O Pará ocupa o segundo lugar no ranking nacional de conflitos no campo em 2025, com 179 ocorrências, ficando atrás apenas do Maranhão, que registrou 209 casos. O estado mantém presença constante entre os quatro com maiores índices de violência nos últimos anos, ao lado de Rondônia, Maranhão e Bahia. Os dados fazem parte do Caderno de Conflitos no Campo 2025, elaborado pela Comissão Pastoral da Terra, Regional Pará (CPT/PA), e apresentado na última quinta-feira (7).
Assassinatos dobram em 2025
A publicação anual reúne e analisa os principais registros de violência e resistência no campo brasileiro. Em 2025, foram contabilizados 26 assassinatos no campo, número alarmante que representa o dobro dos 13 casos registrados em 2024. Francisco Alan, coordenador regional da Comissão Pastoral da Terra Regional Pará, destaca: “Essa violência contra a vida dos povos do campo, das águas e florestas é preocupante quando as reais raízes geradoras não são atacadas”.
Conflitos por terra
Os conflitos por terra continuam como principal foco de tensão. Foram registrados 142 casos relacionados à disputa pela ocupação e posse, colocando o Pará novamente na segunda posição nacional. Os municípios de Santarém, São Félix do Xingu, Viseu, Barcarena e Altamira concentram os maiores números de ocorrências. Ao todo, 25.854 famílias foram impactadas por esses conflitos.
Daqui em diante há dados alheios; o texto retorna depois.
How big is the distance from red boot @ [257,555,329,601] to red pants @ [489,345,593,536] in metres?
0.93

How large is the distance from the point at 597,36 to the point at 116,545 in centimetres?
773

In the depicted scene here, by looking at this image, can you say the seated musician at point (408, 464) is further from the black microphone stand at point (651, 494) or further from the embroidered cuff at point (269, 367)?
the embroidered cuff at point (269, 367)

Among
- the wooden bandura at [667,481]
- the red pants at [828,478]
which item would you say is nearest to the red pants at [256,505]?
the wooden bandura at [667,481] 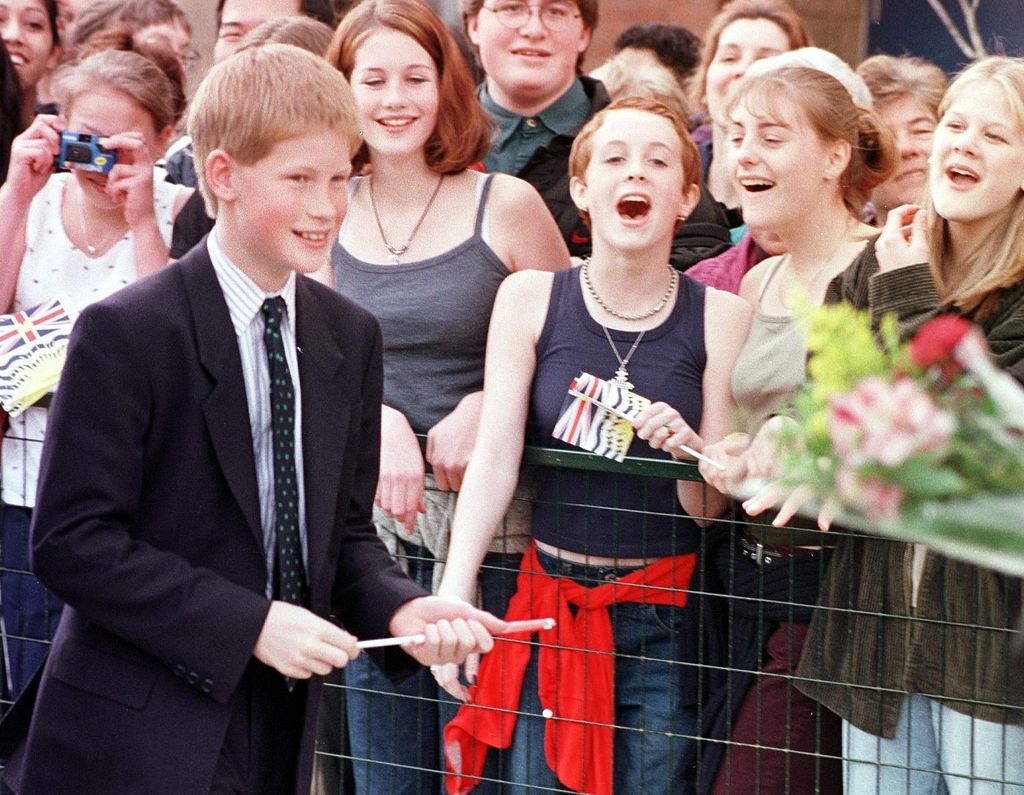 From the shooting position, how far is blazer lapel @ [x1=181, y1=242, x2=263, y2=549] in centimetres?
279

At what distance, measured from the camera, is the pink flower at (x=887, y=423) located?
1.48 metres

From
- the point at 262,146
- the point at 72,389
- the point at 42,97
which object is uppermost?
the point at 42,97

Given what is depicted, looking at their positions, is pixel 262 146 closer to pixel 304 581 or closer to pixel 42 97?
pixel 304 581

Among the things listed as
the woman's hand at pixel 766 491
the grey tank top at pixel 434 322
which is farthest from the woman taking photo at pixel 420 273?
the woman's hand at pixel 766 491

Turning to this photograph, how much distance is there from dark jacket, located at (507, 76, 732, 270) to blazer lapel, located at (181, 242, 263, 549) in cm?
196

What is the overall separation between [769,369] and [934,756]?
0.92 m

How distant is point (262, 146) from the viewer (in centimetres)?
286

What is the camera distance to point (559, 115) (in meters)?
5.05

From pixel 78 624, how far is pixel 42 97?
3502 mm

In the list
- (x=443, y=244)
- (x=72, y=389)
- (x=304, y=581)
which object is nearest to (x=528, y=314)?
(x=443, y=244)

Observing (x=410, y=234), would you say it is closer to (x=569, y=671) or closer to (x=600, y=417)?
(x=600, y=417)

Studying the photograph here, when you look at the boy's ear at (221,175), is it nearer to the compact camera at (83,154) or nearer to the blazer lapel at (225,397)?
the blazer lapel at (225,397)

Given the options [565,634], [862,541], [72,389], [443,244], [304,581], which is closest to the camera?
[72,389]

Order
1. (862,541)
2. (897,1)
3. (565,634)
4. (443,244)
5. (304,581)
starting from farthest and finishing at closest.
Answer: (897,1), (443,244), (565,634), (862,541), (304,581) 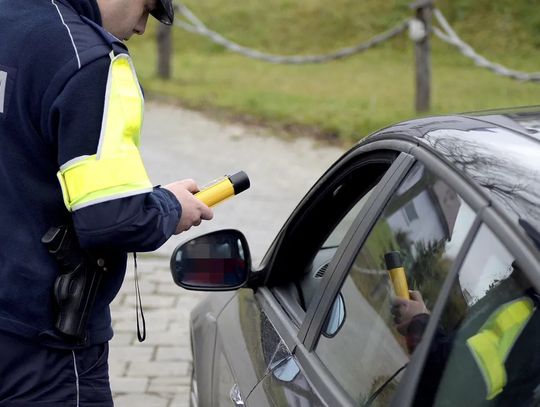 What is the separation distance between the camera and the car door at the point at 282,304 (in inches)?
94.3

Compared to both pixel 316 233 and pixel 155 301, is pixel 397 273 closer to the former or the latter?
pixel 316 233

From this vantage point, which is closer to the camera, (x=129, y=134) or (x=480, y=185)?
(x=480, y=185)

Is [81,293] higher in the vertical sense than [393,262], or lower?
lower

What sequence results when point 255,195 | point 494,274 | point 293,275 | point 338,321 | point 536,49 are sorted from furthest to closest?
point 536,49
point 255,195
point 293,275
point 338,321
point 494,274

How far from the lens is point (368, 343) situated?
6.97 feet

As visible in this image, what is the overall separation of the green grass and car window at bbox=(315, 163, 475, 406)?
A: 25.1 feet

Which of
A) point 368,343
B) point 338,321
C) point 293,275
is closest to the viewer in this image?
point 368,343

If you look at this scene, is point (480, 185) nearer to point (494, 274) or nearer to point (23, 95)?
point (494, 274)

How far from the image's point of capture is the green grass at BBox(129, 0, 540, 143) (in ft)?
37.0

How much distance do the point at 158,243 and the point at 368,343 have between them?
601mm

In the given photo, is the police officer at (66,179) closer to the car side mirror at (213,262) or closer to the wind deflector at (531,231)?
the car side mirror at (213,262)

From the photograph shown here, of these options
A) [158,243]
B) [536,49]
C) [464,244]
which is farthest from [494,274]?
[536,49]

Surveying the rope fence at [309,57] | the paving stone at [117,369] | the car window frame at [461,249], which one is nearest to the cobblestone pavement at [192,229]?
the paving stone at [117,369]

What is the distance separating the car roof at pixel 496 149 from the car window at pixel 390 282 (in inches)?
2.3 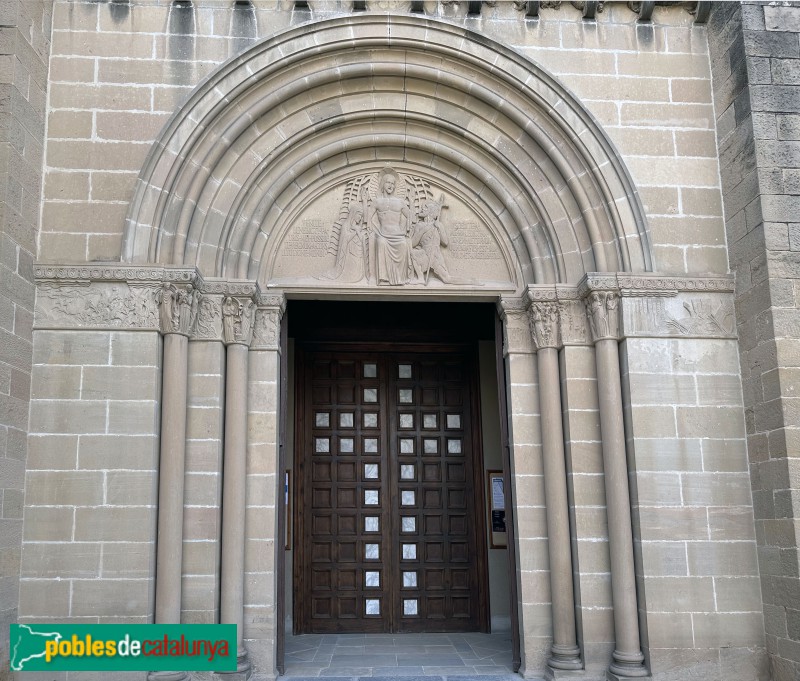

Principais agentes causadores
Os principais agentes causadores dos conflitos são fazendeiros (59 registros), seguidos pelos governos federal (21) e estadual (20), além de madeireiros, grileiros, empresários e mineradoras. Entre os grupos mais atingidos estão comunidades quilombolas (36 conflitos), povos indígenas (25), assentados, trabalhadores sem terra, pequenos proprietários, ribeirinhos e posseiros.
Conflitos por água
O Pará também lidera, pelo segundo ano consecutivo, os conflitos por água no país, com 21 registros. A maioria dos casos envolve uso e preservação, incluindo destruição e poluição, contaminação por minério e agrotóxicos, além de impedimento de acesso à água. Povos indígenas e ribeirinhos estão entre os mais afetados, e o garimpo aparece como principal agente gerador desses conflitos.
Trabalho escravo e mobilizações
No campo trabalhista, foram resgatados 44 trabalhadores em condições análogas à escravidão, distribuídos em 13 ocorrências. A maior parte dos casos está ligada à pecuária, seguida por atividades como carvoaria, extração de madeira e lavoura. As manifestações de luta tiveram 66 registros e participação de cerca de 85 mil pessoas em todo o estado. As mobilizações foram intensificadas antes, durante e após a realização da COP 30 em Belém.
Violência física e ameaças
Ao menos 105 pessoas sofreram algum tipo de agressão física em decorrência dos conflitos. O estado registrou 7 assassinatos, liderando o ranking nacional ao lado de Rondônia. As vítimas incluem trabalhadores sem terra, um pescador e um servidor público. Também foram contabilizados casos de ferimentos, tentativas de assassinato e 38 ameaças de morte. Francisco Alan ressalta: “Os dados de 2025 revelam que a região Norte concentra as ocorrências de violência por terra que consequentemente acabam tirando vidas. São grupos sociais e/ou lideranças indígenas, quilombolas e comunidades tradicionais que cotidianamente são ameaçados pelo simples fato de resistirem e lutarem por seus direitos”.
O lançamento dos dados busca contribuir para o aprofundamento do debate sobre a realidade agrária no Pará, fortalecer a denúncia das violações de direitos e ampliar a visibilidade das lutas dos povos e comunidades do campo.